You need to map your localhost (127.0.0.1) to XXXXXXXX. Some instructions can be found here on stackoverflow and crunchify.

Sneak peek Schema Registry

Back to Lenses - http://127.0.0.1:3030/data - let’s make sure we have successfully registered our schema to the schema registry by taking a look. From the left menu bar select Schema Registry:

Schema Registry


Our proto_topic_cards-value schema is there! Clicking on it to get its details we see that it’s almost identical to our initial schema:

Screenshot 2022-02-15 at 12.54.18 PM


Notice that the schema we initially seeded is a slightly different version that gets overridden by the Protobuf Kafka serializer with a semantically- equivalent.

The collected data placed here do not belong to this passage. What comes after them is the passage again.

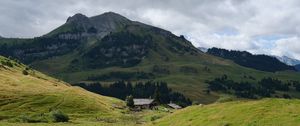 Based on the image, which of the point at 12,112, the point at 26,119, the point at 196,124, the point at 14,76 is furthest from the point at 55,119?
the point at 14,76

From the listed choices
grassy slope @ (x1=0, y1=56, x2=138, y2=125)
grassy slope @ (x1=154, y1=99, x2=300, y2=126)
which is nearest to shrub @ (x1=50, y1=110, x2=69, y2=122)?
grassy slope @ (x1=0, y1=56, x2=138, y2=125)

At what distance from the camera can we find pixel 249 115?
52.8 m

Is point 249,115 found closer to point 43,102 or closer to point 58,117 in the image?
point 58,117

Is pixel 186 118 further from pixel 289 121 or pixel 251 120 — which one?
pixel 289 121

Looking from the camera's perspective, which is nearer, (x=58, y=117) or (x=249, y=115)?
(x=249, y=115)

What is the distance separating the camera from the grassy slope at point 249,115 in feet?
161

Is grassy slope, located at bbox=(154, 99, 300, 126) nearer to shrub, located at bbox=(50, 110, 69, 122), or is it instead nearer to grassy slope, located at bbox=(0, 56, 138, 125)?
shrub, located at bbox=(50, 110, 69, 122)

The Protobuf Kafka Serializer is still validating the record we publish against the existing schema (if one exists). It just automatically overrides it.

Preview Data

Next, time to return to Lenses and have a look at the data itself.

Let's navigate back to http://127.0.0.1:3030/data and from the top left menu select the explore option.

Landing on the explore screen we can see on our topics list that our protos_topic_cards topic is there, and Lenses has already picked up that its value type is Protobuf.

proto topic explore screen


Since the schema exists in the schema registry and the data in the topic matches it, Lenses can figure out the link between the two. Clicking on our topic we can see the key and value for each record in a human-readable format - a proper data-catalog:


Topic cards data


Without this, it would read as an unreadable byte array as that is how data is stored in a Kafka topic.

Kafka Consumer

Lastly, let’s consume the data from our topic. We will consume the data in a local nodeJS application, spin up an Express Server, and preview the data in our Browser.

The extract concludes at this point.